There was a significant increase in average salary from 2021 to 2022 which became 131,789 USD.
The fluctuations of the average salary as a data expert generally increases from year to year.
We want to analyze the highest average salary based on the job title
and experience level of the data experts. Is the highest average salary
only for employees who have a high level of experience or not? To
visualize this analysis, I used a bar-plot. The goal is to rank the
highest average salary by job title and experience level.We use the
avg_job
on the x-axis and job_title
on the
y-axis.
plot2 <-
ggplot(data = top10_job,
mapping = aes(x = avg_job,
y = reorder(job_title,avg_job),
fill = experience_level))+
geom_col(aes(fill=experience_level))+
labs(title = "Highest Salaries 2020-2024",
subtitle = "Top 10 Job Title with Highest Salaries",
x = "Salary in USD",
y = "Job Title",
fill = "Experience Level") +
theme_minimal() +
theme(legend.position = "right")+
geom_text(aes(label = label), size = 2.5, nudge_x = 10000)+
scale_x_continuous(labels = comma)
plot2
Insight :
The highest average salary is 416,000 USD for Principal Data Scientists whose experience level is also high (executive level).

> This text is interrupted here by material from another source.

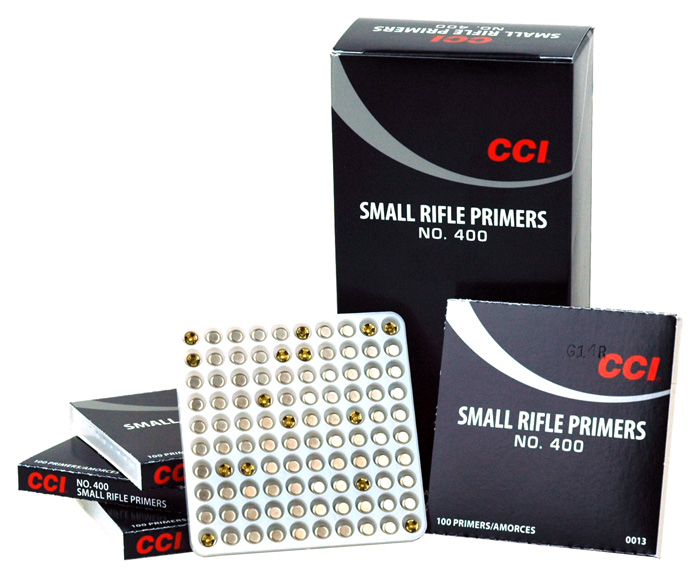 CCI PRIMERS 400 SMALL RIFLE 5000 PACK CASE - for sale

From the 10 highest salaries, it turns out that there are 2 positions, such as AWS Data Architect and Machine Learning Scientist, which have experience levels as mid-level.

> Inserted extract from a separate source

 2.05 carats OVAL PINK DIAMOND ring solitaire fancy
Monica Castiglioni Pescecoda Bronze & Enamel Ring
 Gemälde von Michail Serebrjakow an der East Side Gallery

To find out the countries that are willing to hire with high salary
standards, which is sorted into 10 countries that have the highest
average salary standard. To visualize this, I used a bar-plot to easily
rank the 10 countries. We use the avg_salary
on the x-axis
and company_location
on the y-axis.
plot3 <-
ggplot(top10_loc, aes(x = avg_salary,
y = reorder(company_location,avg_salary),
fill = avg_salary)) +
geom_bar(stat = "identity") +
scale_fill_gradient(low = "red", high = "green")+
labs(title = "Highest Salaries 2020-2024",
subtitle = "Top 10 Company Location",
x = "Salary in USD",
y = "Company Location") +
theme_minimal() +
theme(legend.position = "none")+
geom_text(aes(label = label), size = 2.5, nudge_x = 25000)+
scale_x_continuous(labels = comma)
plot3
Insight :
Qatar is a country that provides the highest average salary standard of 300,000.0 USD.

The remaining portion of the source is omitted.